I'm still figuring out techniques and best practices for using Azure coming from a background in HPC. A lot of the documentation takes a Windows/Powershell/GUI-first approach which does not compute for me, so I'm taking notes here so I don't lose track of how to do common tasks.
So far I'm converging on using a combination of Azure CLI and Bicep as the foundational tools for standing up infrastructure in Azure. I'm not sure this is the best way to start for people who are new to both Azure itself and infrastructure-as-code since the declarative approach to IaC adds extra verbosity and syntactic complexity to operations, so I think starting with the imperative Azure CLI approach is a good place to start.
Getting instance metadata
Every VM can access the Azure Instance Metadata Service (IMDS) which is a magic REST endpoint that allows you to inspect properties of a VM from inside that VM. For example, this is how you can get the managed identity of a VM from within that VM:
curl 'http://169.254.169.254/metadata/identity/oauth2/token?api-version=2018-02-01&resource=https%3A%2F%2Fmanagement.azure.com%2F' -H Metadata:true -s
where 169.254.169.254
is the magical REST endpoint for the IMDS.
Getting physical server info
In addition to the Instance Metadata Service which lets you learn about the VM in which you are running, you can also query the hypervisor for information about the bare metal server on which you are running.
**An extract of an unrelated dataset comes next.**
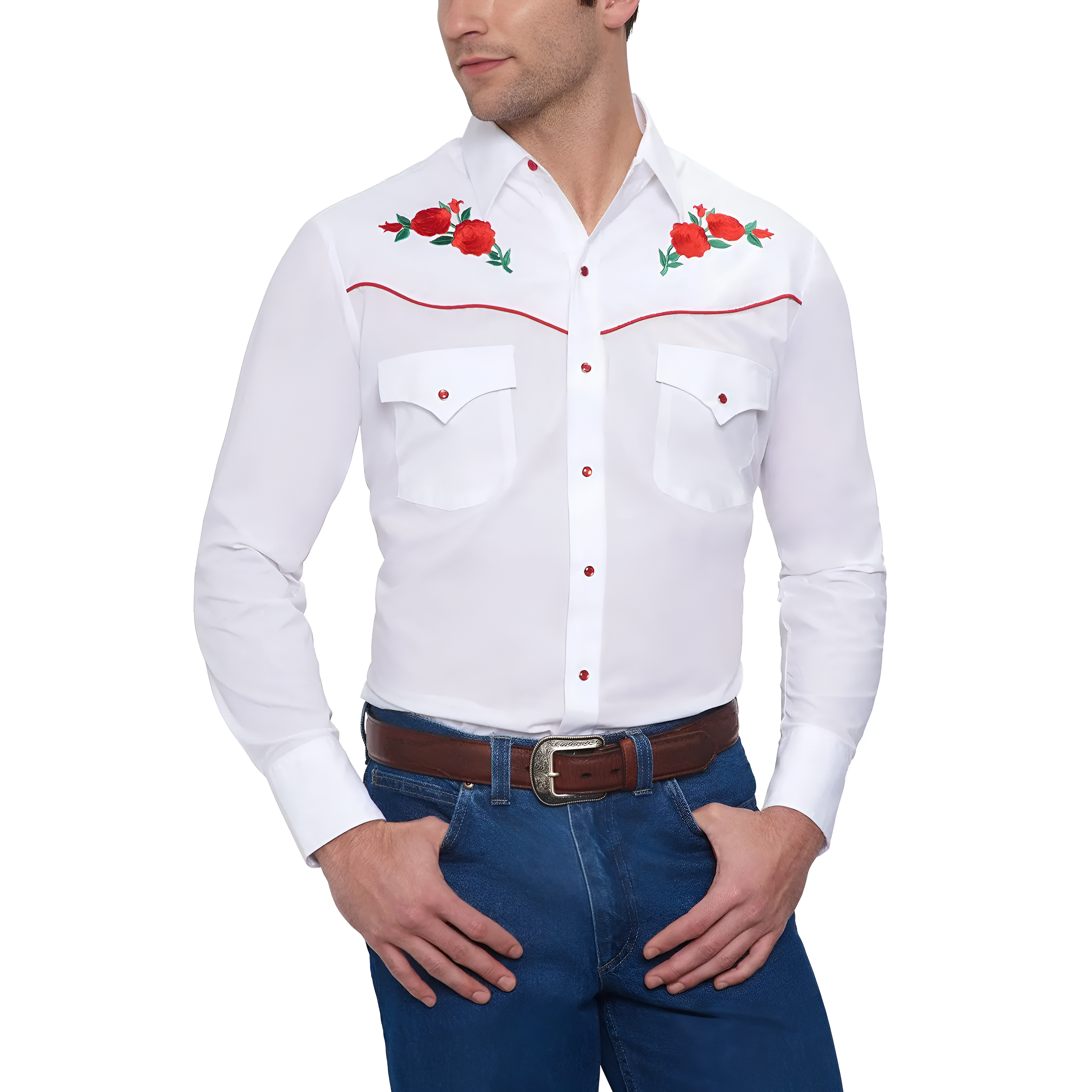 Men Long Sleeve Western Snap Shirt with Rose Embroidery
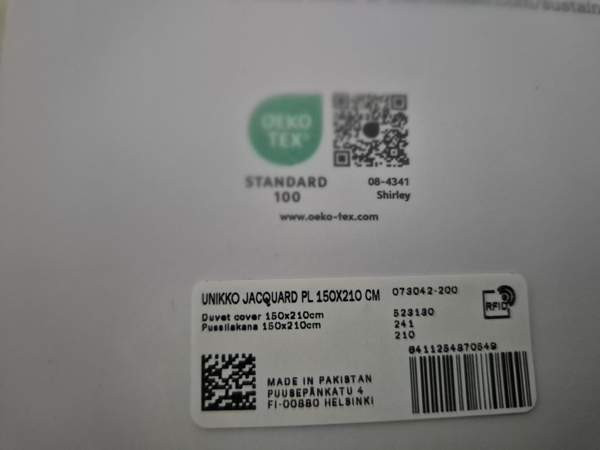 Uusi Marimekko Unikko Jacquard pussilakana 150x210cm Alajärvi - valokuva 6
This relies on a service referred to as KVP:
cat /var/lib/hyperv/.kvp_pool_3 | tr -s '\000' '\n'
HostName
CO2AA1050611004
HostingSystemEditionId
168
HostingSystemNestedLevel
0
HostingSystemOsMajor
10
HostingSystemOsMinor
0
HostingSystemProcessorArchitecture
9
HostingSystemProcessorIdleStateMax
0
HostingSystemProcessorThrottleMax
100
HostingSystemProcessorThrottleMin
100
HostingSystemSpMajor
0
HostingSystemSpMinor
0
PhysicalHostName
CO2AA1050611004
PhysicalHostNameFullyQualified
CO2AA1050611004
VirtualMachineDynamicMemoryBalancingEnabled
0
VirtualMachineId
670093CC-C644-4167-8076-E9678D22C459
VirtualMachineName
902d6ba5-9ac4-4223-a8d9-1c7ca05a9a2c
It is fully documented on Azure's KVP/Hyper-V Data Exchange page.
VM SKU / hypervisor conflicts
I tried this:
$ az deployment group create --resource-group glock-rg \
--template-file template.bicep \
--parameters @parameters.json
The selected VM size 'Standard_A1_v2' cannot boot Hypervisor Generation '2'. If
this was a Create operation please check that the Hypervisor Generation of the
Image matches the Hypervisor Generation of the selected VM Size. If this was
an Update operation please select a Hypervisor Generation '2' VM Size.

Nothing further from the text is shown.